Erlang: optimizing mnesia tables for read/write concurrency


I am working on a new Erlang project using mnesia. When I previously worked with ets, I could set up ets tables optimized for read concurrency, write concurrency, or both. I initially assumed that I could do the same thing with mnesia tables, but thus far I have not found how to do it by looking through the documentation (which surprises me, since mnesia is based on ets/dets from my understanding).

Anyone know if this is possible?


Solution

  • From docs:

    {storage_properties, [{Backend, Properties}]. Forwards additional properties to the backend storage. Backend can currently be ets or dets and Properties is a list of options sent to the backend storage during table creation.
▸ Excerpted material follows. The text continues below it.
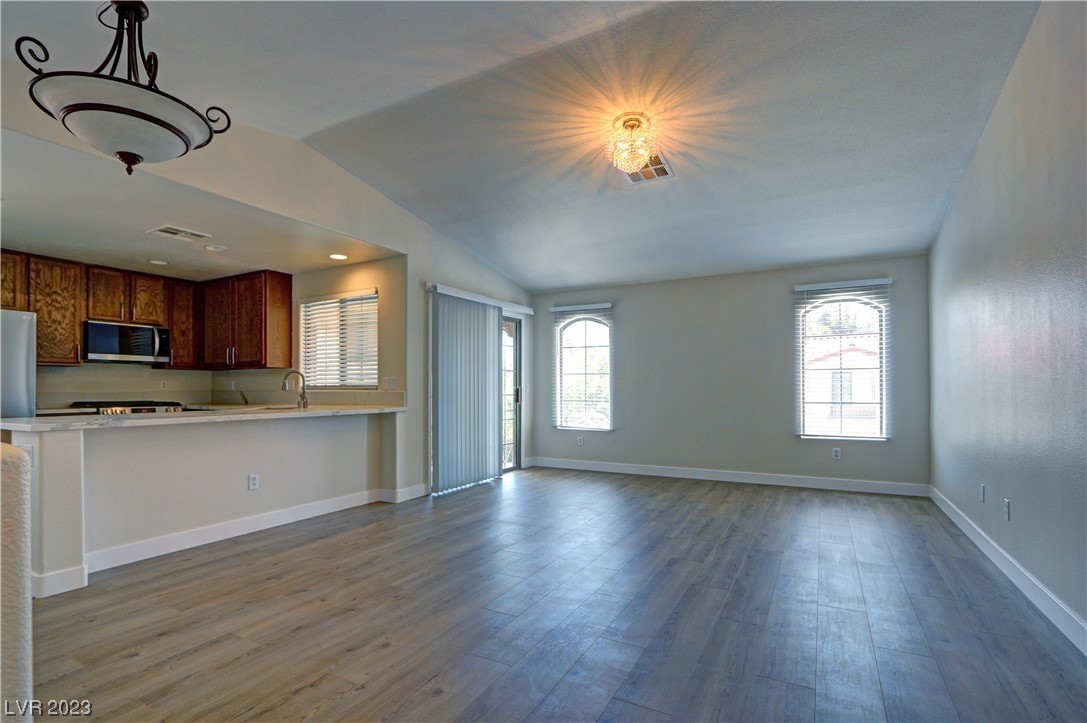 7320 Camrose Ridge Place, Unit 204 Las Vegas, NV 89149 - Photo 4 of 28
Properties may not contain properties already used by mnesia such as type or named_table.

    For example:

    mnesia:create_table(table, [{ram_copies, [node()]}, {disc_only_copies, nodes()},
                    {storage_properties,
                     [{ets, [compressed]}, {dets, [{auto_save, 5000}]} ]}])
            
    

    But it is nor really so simple. Key to Mnesia is fact that this is distributed database, with features like replication or peristalsis. But this also introduces overhead of things like replication and overhead. Tinkering with those could be main source of your optimizations. This is especially important with concepts like transactions and dirty operations in mnesia.

    In Ets all operations are atomic, which is more or less easy to achieve since all data sits in one place (and makes write read optimizations also easier). In mnesia to make write atomic (ensure it's correctness) you need to create lock on possibly many nodes.

    But still it doesn't mean that all interactions with mnesia table have to be wrapped in strict transaction. Maybe you have some dirty reads or writes there.

    Tt all depends on your data, What it means, if there are any interleavings, and how (with how much certainty?) will you use it. So it depends much more on your domain, than on any mnesia setting.